PC Construction

I needed a 64GB UPD in a hurry, so I went to Tesco and found an "Integral" for £14 - not bad considering (I could have had a USB3 one for £16 - £4 off normal price until tomorrow).

Curious thing: it came preformatted as exFAT - never seen that before.
 
I needed a 64GB UPD in a hurry, so I went to Tesco and found an "Integral" for £14 - not bad considering (I could have had a USB3 one for £16 - £4 off normal price until tomorrow).
I've got 2x32GB and 1x16GB Integral devices. Can't say that I'm impressed by them - although nothing has actually gone wrong, yet. I seem to think they were preformatted but I can't remember which format. I reformatted them to NTFS.
 
"Possibly" rather than "probably". Either way, I figured exFAT was less likely to be recognised by smart TVs and media players than NTFS, so I changed it.
 
To me, "probably" implies you have some evidence that the thesis may be true, not just supposition. Or are you able to somehow divine what Integral's intentions were?

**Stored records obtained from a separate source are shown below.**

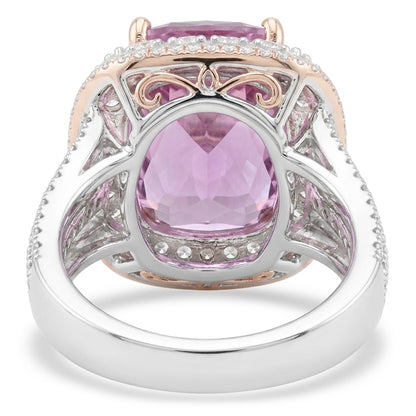 Double Halo Kunzite Ring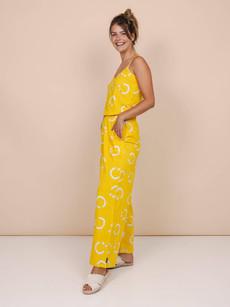 Smiles Yellow Strap Top and Wide Pants set Women via SNURK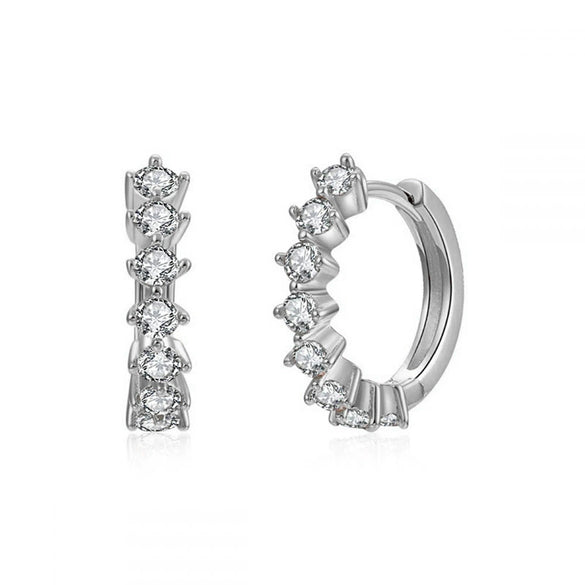 Wholesale Women's Luxury Geometric Zircon Earring Sets Copper Purely Handmade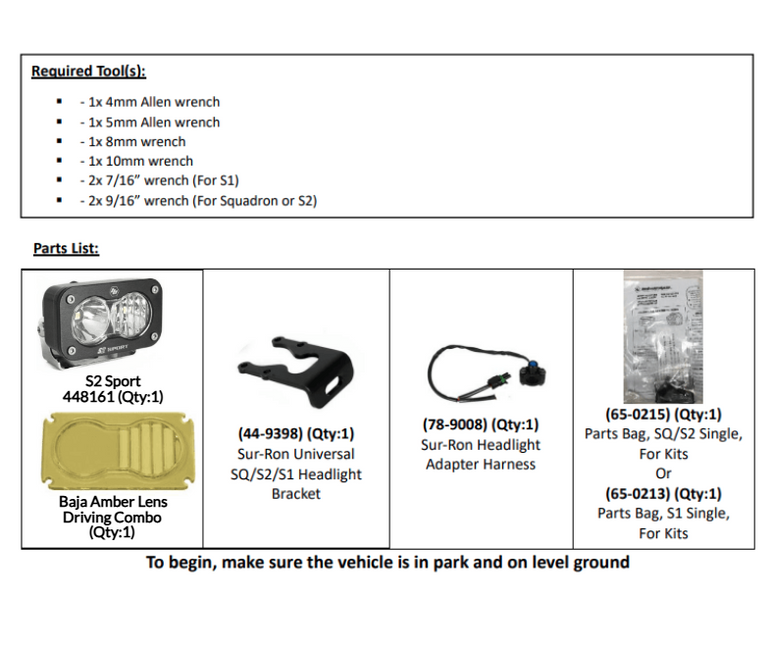 Baja Designs S2 Sport Headlight Kit for Surron and Talaria — kit contents flat lay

If it is just supposition, then what do you base an estimate of "probably" (ie greater than 50% likelihood) on? Plucking an idea out of the air, however sensible that idea might be, does not provide any estimate of probability. It's an idea... a possibility.
 
To me, "probably" implies you have some evidence that the thesis may be true, not just supposition. Or are you able to somehow divine what Integral's intentions were?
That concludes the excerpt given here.